In 2011, following completion of the Dignity Challenge – a 10-step process designed to ascertain how people’s dignity is respected, staff sought to enhance levels of care within the facility. In particular, night staff requested a better way of ensuring that they could be aware of any seizures, falls or incidents, but without the need to make obtrusive half-hourly checks which sometimes proved unnecessary to service users. Based on the success of assistive technology in other areas, we decided to evaluate the advantages of offering telecare support, and worked with Tunstall to develop a plan for the appropriate use of sensors within the home.

The technology was introduced gradually to Hatton Grove, initially focusing on a small selection of sensors to assess the benefits they could offer for service users in terms of improvements to privacy and safety. The use of telecare was then extended, with sensors being put in place to support the night staff team from 9pm until 6am.

Today, a variety of telecare solutions are being used to deliver personalised care and enhance the lives of residents at Hatton Grove. Epilepsy sensors are used to support service users who have been diagnosed with epilepsy, but are largely seizure free. Staff no longer need to make checks on these individuals at half-hourly intervals during the night, helping to maintain their dignity and privacy. For residents who are at a greater risk of falling when walking unassisted, or for those who become distressed when other service users enter their rooms, door sensors are used to immediately alert staff when doors open during the night. Other solutions employed at Hatton Grove include bed occupancy and movement sensors. Whenever a device is activated, staff are alerted via a CareAssist Pager, enabling them to offer swift support to the correct service user.

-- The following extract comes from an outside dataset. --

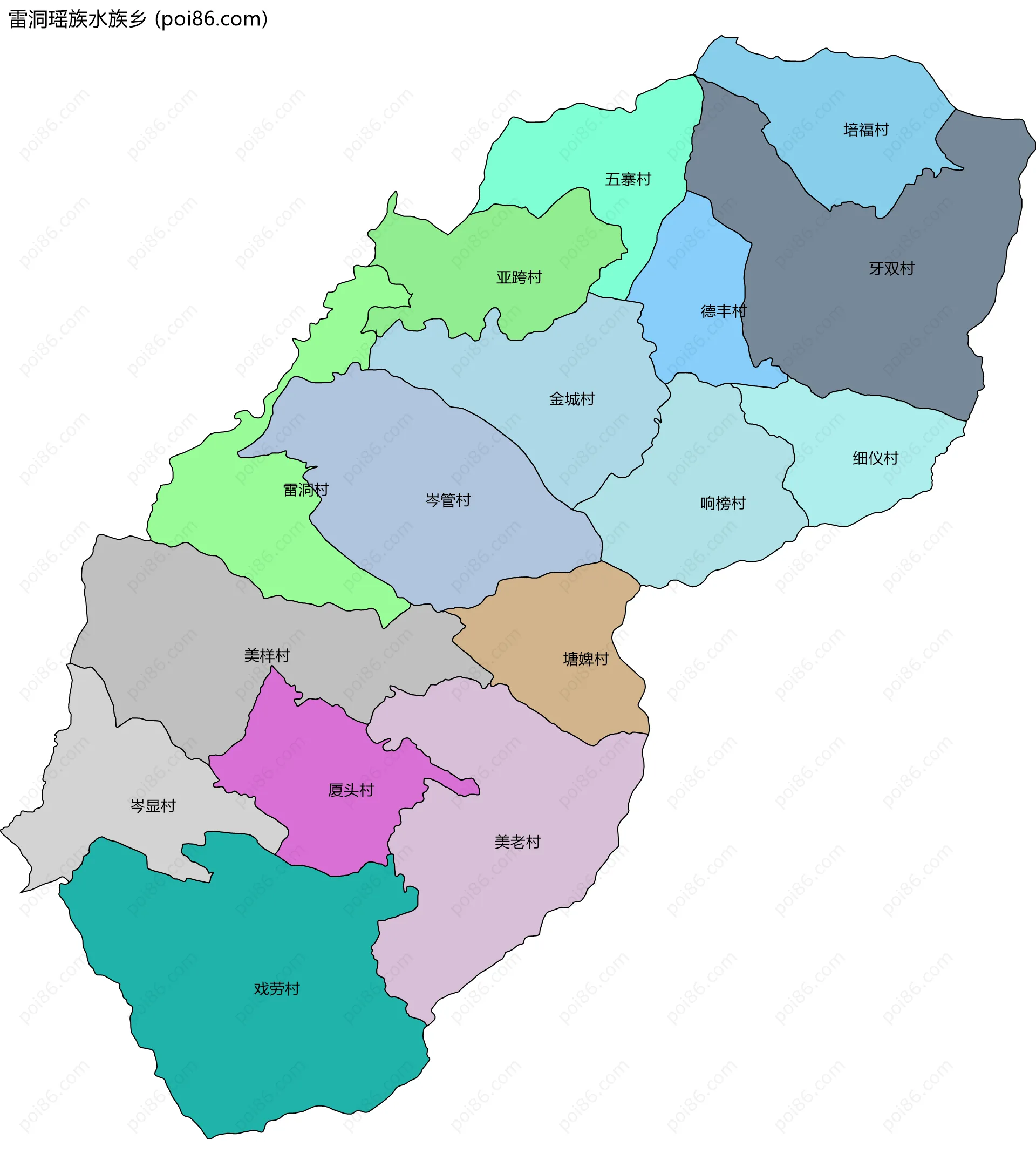 雷洞瑶族水族乡边界地图(五级行政区划)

The introduction of telecare at Hatton Grove has improved the way staff are able to respect residents’ privacy and dignity. Staff no longer feel that they are invading people’s privacy by making regular checks, or disturbing their sleep, yet still feel reassured that the residents they are caring for are safe. Care workers at Hatton Grove trust telecare and find it a great support to them in their roles, allowing them to spend more quality time with residents by accommodating their individual needs and interests more effectively.

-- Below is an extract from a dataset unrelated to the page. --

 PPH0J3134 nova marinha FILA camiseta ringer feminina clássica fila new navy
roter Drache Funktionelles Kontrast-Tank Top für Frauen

Prior to telecare being used, staff spent much of their time, particularly at night, walking from room to room to check on the welfare of the residents they support. Now they have been able to significantly reduce these regular checks, which has freed their time to undertake more meaningful activities. Staff also have the time to write night reports in a much greater level of detail than was previously possible. This is itself has brought numerous benefits, including enabling all stakeholders to gain a more-holistic and detailed picture of a service user’s health and wellbeing over a period of time, and revealing any decline at an earlier stage than may otherwise be the case.

Residents don’t find the technology intrusive, with many of the sensors largely invisible when in place. The introduction of telecare also helps family and friends to feel reassured that their loved-ones are safely supported.

Telecare has made significant improvements to the levels of privacy and personalised care provided at Hatton Grove, and while it remains a residential care home, it is in no way an institution

This innovative, partnership approach to introducing new ways of working has generated enormous benefits for the residents of Hatton Grove, combining safeguarding with increased autonomy. Telecare is also helping to encourage a cultural change for staff by increasing productivity and enabling them to offer more-individualised support, interacting socially with service users.

The staff at Hillingdon’s Hatton Grove remain committed to providing appropriate, personalised care and support, adapting plans according to the changing needs of the people who live there. The telecare solutions employed will evolve as part of these changing requirements. Over time, new service users will be welcomed to Hatton Grove and their needs will be reviewed to assess how telecare may provide beneficial support.

Telecare has made significant improvements to the levels of privacy and personalised care provided at Hatton Grove, and while it remains a residential care home, it is in no way an institution.